(Caption-style text data)

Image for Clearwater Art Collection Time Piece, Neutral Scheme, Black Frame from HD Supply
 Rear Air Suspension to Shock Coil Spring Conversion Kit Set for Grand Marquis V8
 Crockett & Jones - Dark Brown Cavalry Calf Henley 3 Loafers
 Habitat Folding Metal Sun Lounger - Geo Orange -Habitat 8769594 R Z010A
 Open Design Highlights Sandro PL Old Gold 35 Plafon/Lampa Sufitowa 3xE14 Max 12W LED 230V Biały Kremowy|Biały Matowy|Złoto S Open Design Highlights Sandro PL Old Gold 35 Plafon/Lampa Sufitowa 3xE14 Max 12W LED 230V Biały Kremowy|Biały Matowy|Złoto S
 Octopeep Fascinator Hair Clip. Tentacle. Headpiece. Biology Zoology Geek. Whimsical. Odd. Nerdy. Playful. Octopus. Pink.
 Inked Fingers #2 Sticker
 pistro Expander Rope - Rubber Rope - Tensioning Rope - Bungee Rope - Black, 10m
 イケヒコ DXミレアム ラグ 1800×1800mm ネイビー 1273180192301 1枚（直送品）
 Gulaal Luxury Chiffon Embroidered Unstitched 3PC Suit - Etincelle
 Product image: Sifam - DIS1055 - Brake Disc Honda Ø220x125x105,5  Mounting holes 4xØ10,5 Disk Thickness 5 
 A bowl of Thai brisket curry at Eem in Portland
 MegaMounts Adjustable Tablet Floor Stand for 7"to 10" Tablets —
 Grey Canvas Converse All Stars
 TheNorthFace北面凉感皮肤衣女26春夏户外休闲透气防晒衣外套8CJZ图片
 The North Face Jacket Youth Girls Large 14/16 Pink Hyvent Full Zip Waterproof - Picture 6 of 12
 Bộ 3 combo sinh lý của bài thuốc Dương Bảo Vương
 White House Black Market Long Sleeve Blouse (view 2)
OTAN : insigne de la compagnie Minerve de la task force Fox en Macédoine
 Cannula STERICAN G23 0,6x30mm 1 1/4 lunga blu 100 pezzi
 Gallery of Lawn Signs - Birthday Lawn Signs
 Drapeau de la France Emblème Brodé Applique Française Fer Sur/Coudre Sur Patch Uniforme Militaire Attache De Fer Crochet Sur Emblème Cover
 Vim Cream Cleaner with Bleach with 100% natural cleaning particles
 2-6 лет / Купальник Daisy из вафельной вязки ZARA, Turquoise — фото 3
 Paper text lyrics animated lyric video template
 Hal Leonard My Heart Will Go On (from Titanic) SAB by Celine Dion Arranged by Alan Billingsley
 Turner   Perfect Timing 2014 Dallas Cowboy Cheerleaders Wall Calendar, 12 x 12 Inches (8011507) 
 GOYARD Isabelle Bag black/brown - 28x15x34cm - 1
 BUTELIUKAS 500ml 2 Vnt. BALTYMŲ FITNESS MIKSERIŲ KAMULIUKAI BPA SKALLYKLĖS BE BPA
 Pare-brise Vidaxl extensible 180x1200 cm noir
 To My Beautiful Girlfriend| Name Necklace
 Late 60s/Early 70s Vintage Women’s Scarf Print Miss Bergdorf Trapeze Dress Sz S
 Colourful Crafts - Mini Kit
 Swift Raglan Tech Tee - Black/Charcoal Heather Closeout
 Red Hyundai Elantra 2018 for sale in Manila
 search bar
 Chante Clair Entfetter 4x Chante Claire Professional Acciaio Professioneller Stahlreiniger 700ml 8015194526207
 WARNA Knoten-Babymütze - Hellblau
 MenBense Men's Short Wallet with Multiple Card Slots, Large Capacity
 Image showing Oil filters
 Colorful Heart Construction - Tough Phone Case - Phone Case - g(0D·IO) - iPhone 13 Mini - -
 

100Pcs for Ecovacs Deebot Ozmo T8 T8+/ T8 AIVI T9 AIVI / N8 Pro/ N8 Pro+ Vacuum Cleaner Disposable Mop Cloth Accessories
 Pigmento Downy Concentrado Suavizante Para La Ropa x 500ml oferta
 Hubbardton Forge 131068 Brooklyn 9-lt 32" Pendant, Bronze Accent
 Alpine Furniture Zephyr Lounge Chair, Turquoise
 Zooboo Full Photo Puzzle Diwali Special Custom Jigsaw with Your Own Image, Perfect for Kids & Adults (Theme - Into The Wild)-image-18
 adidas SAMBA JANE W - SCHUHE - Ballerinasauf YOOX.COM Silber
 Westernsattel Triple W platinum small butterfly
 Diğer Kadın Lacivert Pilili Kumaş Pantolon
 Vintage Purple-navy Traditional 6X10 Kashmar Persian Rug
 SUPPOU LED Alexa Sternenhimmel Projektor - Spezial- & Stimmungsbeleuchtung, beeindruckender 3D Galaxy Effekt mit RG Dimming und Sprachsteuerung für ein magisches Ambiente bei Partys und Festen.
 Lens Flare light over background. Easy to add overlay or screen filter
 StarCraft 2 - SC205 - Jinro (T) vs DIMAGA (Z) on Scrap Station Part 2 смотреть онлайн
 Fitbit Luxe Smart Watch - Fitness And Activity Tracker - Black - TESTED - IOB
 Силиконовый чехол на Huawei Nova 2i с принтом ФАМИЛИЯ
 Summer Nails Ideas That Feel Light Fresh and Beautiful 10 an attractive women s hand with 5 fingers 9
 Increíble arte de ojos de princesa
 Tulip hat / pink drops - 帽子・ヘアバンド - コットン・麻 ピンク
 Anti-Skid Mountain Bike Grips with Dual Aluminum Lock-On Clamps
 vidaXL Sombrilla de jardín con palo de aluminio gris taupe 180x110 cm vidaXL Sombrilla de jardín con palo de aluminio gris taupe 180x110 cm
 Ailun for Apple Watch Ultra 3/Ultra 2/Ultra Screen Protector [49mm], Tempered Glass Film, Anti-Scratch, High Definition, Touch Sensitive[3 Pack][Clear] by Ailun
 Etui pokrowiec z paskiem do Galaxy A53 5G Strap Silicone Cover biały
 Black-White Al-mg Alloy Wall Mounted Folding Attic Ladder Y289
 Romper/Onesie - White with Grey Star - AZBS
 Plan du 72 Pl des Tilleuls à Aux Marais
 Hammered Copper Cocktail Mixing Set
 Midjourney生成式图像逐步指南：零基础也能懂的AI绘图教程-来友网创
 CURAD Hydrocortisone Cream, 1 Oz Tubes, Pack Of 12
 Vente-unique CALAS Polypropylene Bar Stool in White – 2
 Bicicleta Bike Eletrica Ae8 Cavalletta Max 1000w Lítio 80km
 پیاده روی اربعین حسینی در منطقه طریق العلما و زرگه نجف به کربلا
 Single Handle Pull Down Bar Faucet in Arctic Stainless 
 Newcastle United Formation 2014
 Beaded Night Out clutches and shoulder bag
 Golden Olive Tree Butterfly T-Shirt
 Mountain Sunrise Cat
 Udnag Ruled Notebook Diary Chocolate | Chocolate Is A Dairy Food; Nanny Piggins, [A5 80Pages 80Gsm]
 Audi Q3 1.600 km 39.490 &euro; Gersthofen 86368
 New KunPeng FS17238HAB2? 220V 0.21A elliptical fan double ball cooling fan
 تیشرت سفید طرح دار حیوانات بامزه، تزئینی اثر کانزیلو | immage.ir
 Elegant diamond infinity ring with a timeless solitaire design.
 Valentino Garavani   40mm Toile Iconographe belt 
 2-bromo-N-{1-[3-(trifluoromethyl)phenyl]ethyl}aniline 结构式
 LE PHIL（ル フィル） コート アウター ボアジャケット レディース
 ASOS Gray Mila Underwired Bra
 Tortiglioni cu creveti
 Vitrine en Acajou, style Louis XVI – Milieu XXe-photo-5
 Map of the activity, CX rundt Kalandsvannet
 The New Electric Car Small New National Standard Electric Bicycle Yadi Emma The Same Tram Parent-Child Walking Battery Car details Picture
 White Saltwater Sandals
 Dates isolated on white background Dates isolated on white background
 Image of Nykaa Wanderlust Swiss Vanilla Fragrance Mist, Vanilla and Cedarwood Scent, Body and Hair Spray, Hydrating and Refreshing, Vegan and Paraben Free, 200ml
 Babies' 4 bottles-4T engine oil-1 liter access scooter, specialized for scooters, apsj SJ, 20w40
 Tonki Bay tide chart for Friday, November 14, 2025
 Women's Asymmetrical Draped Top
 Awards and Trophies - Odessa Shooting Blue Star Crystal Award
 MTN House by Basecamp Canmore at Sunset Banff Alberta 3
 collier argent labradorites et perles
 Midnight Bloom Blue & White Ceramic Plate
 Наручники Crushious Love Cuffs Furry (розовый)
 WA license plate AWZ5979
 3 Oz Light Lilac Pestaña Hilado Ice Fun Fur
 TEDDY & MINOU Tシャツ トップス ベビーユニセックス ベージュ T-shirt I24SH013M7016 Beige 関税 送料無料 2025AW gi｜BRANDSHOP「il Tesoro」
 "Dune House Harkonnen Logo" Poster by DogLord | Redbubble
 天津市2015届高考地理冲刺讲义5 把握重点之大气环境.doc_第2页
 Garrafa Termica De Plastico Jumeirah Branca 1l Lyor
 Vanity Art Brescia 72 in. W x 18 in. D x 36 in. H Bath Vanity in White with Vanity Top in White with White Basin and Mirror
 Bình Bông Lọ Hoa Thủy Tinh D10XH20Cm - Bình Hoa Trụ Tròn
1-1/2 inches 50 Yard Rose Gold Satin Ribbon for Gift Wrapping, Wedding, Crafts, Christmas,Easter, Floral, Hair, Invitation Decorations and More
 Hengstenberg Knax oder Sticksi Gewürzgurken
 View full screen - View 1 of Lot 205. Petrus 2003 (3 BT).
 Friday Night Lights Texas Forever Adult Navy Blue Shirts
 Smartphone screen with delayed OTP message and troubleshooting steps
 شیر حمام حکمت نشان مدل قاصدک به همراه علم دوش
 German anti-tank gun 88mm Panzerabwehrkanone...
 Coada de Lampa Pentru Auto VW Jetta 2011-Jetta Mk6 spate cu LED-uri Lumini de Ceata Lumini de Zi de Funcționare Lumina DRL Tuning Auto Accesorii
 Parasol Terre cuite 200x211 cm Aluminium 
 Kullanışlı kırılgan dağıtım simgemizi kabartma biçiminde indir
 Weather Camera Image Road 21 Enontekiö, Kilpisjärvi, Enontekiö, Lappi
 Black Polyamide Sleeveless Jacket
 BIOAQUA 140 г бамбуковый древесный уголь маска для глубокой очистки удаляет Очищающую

* _Prompt_
Your answer should be a single number: the count of lines in the records that contain "Watch".

* _Written response_
2